_Work item_
Extract every record, exactly as written, and ignore the pictures.

_Records provided_
···
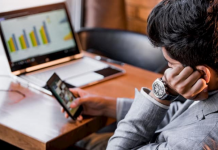 O verdadeiro custo da procrastinação financeira homem procrastinando no trabalho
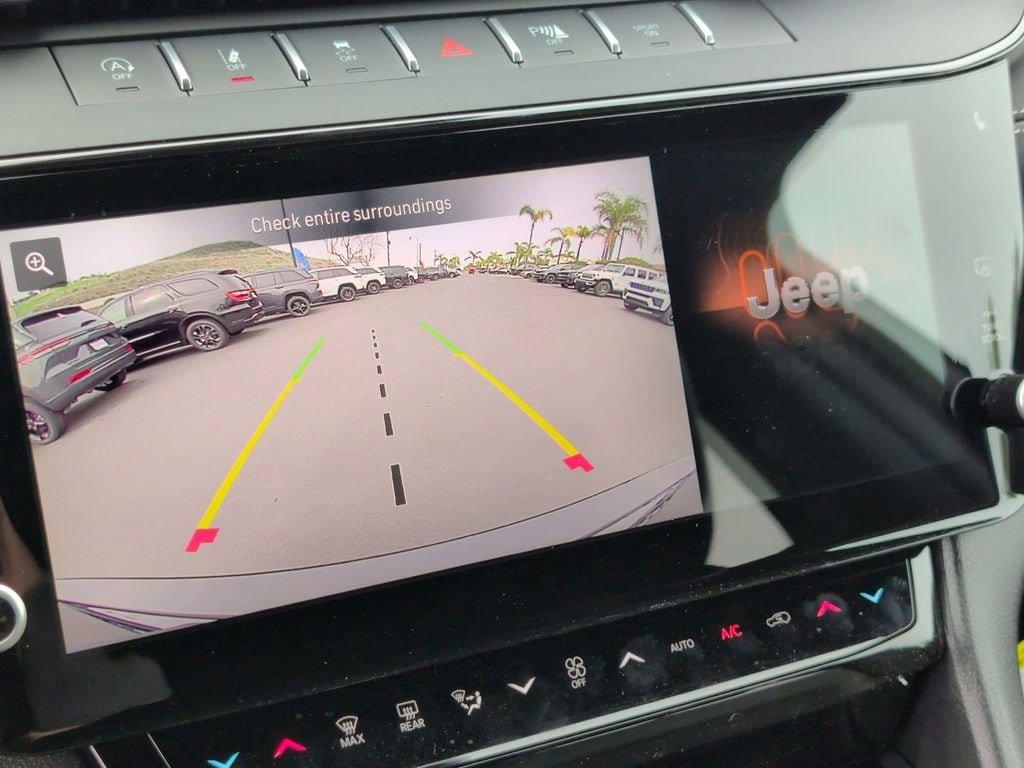 New 2026 Jeep Grand Cherokee Altitude RWD image 19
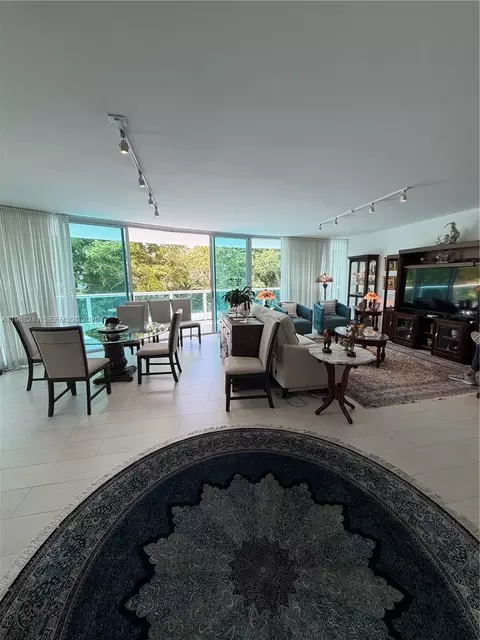 2127 Brickell Ave #502, Miami, FL 33129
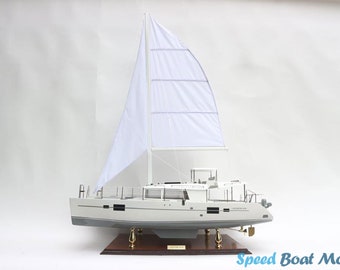 Lagoon 450F Klegeboot Modernes Yachtmodell 27,5 ″ - Bootsmodell Geschenk - Segelboot Modelle Zur Dekoration - Modell Yacht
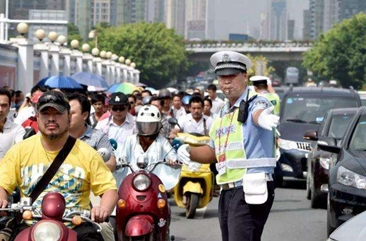 我国6月1日起实行摩托车全国通检和6年免检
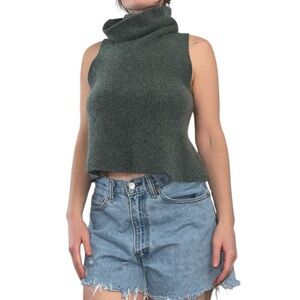 100% Cashmere Green Turtleneck Sweater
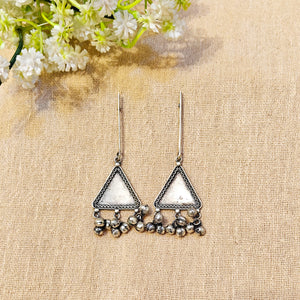 "Elara"Silver Look Alike Oxidized Earring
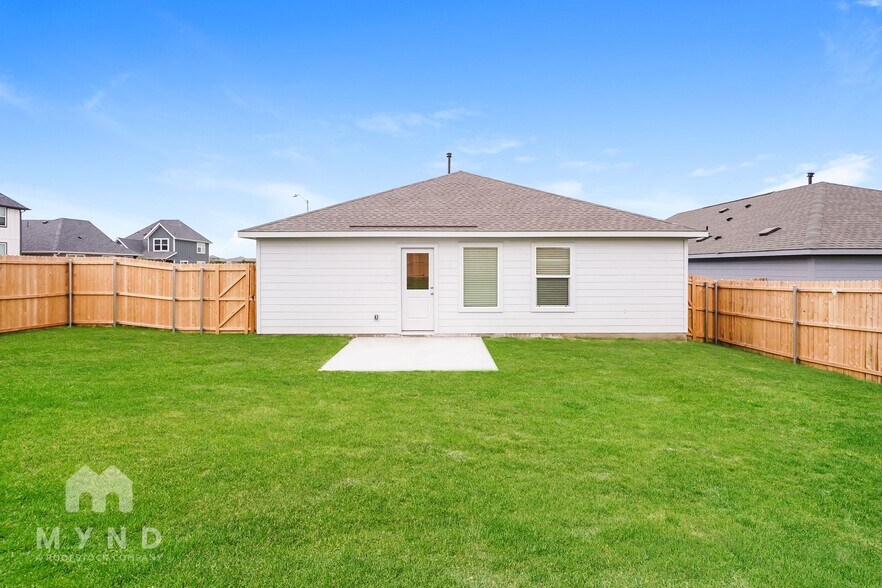 Building Photo - 2636 Mistwood Dr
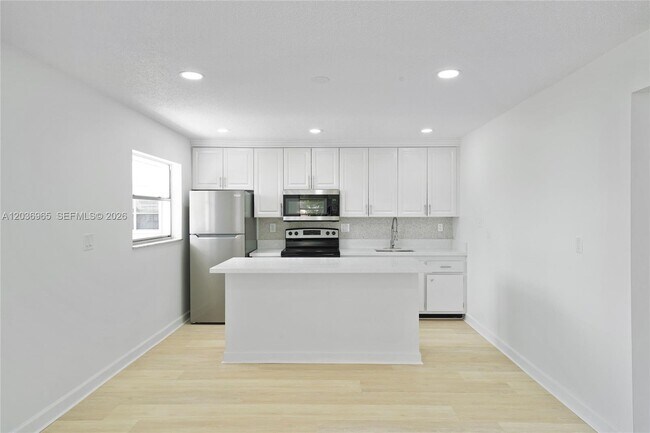 Foto del edificio - 6211 SW 37th St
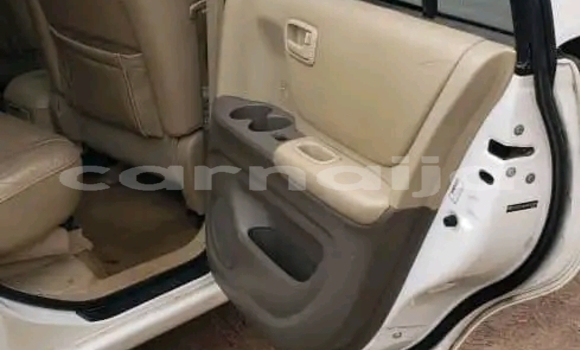 Acheter Occasion Voiture Toyota Highlander Blanc à Lagos, État de Lagos Acheter Occasion Voiture Toyota Highlander Blanc à Lagos, État de Lagos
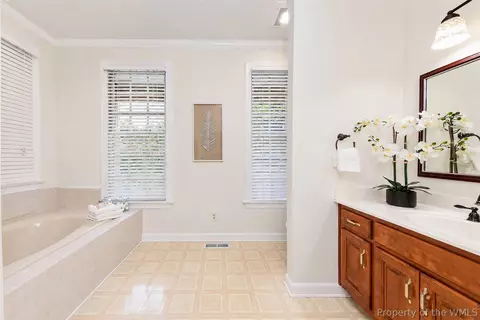 Bath - 105 Stratton, Williamsburg, VA 23188 photo 1 of 4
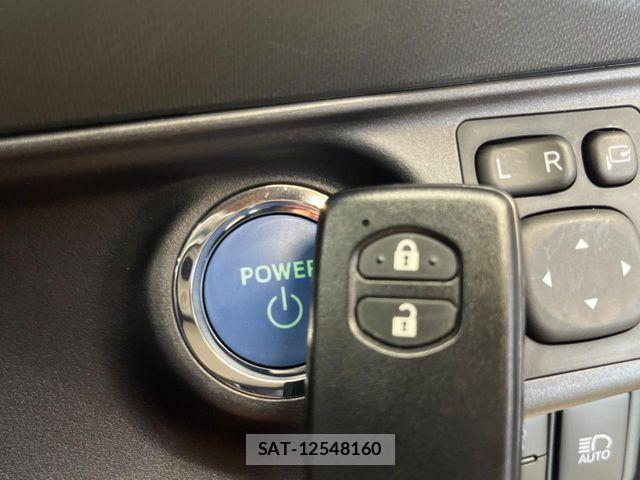 Toyota AQUA 2020-01 7720588-6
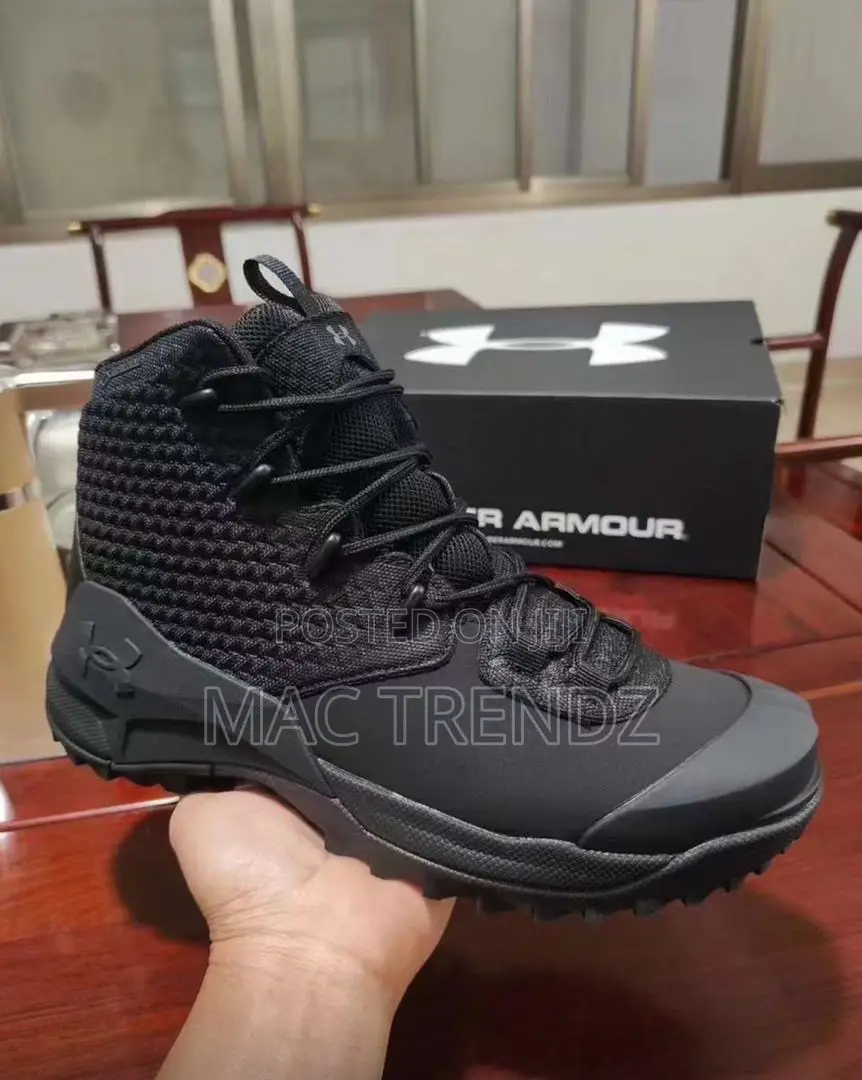 Sneakers High Quality Shoes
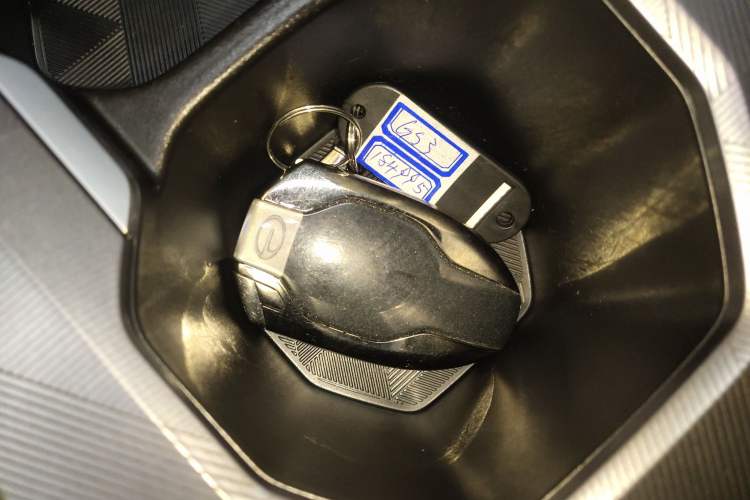 Used GAC Trumpchi GS3 2025 Shadow Speed 270T Enjoyment Edition Soaring to New Heights Vehicle Key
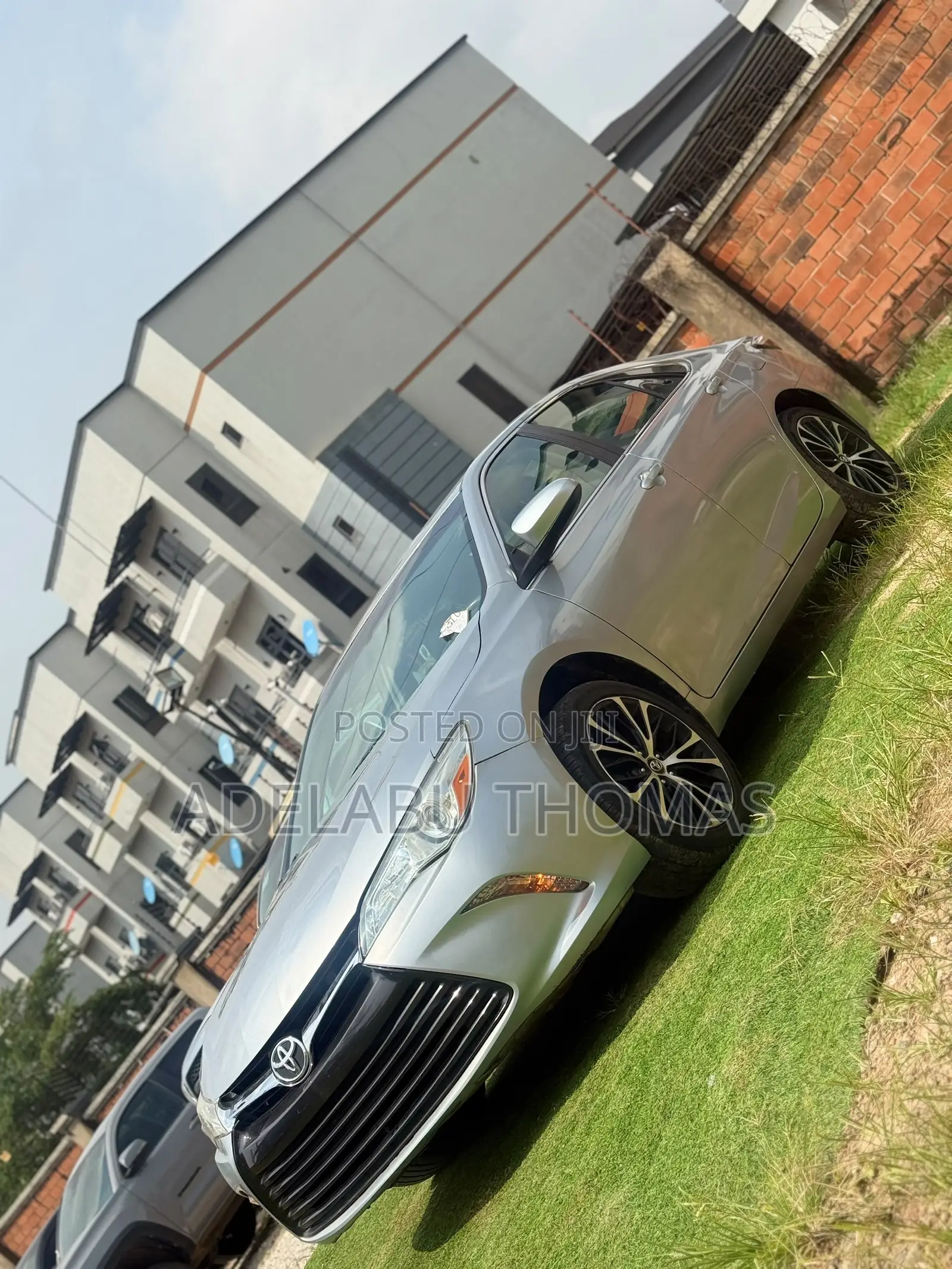 Toyota Camry LE 4dr Sedan (2.5L 4cyl 6A) 2016 Silver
···
_Reply_
 O verdadeiro custo da procrastinação financeira homem procrastinando no trabalho
 New 2026 Jeep Grand Cherokee Altitude RWD image 19
 2127 Brickell Ave #502, Miami, FL 33129
 Lagoon 450F Klegeboot Modernes Yachtmodell 27,5 ″ - Bootsmodell Geschenk - Segelboot Modelle Zur Dekoration - Modell Yacht
 我国6月1日起实行摩托车全国通检和6年免检
 100% Cashmere Green Turtleneck Sweater
 "Elara"Silver Look Alike Oxidized Earring
 Building Photo - 2636 Mistwood Dr
 Foto del edificio - 6211 SW 37th St
 Acheter Occasion Voiture Toyota Highlander Blanc à Lagos, État de Lagos Acheter Occasion Voiture Toyota Highlander Blanc à Lagos, État de Lagos
 Bath - 105 Stratton, Williamsburg, VA 23188 photo 1 of 4
 Toyota AQUA 2020-01 7720588-6
 Sneakers High Quality Shoes
 Used GAC Trumpchi GS3 2025 Shadow Speed 270T Enjoyment Edition Soaring to New Heights Vehicle Key
 Toyota Camry LE 4dr Sedan (2.5L 4cyl 6A) 2016 Silver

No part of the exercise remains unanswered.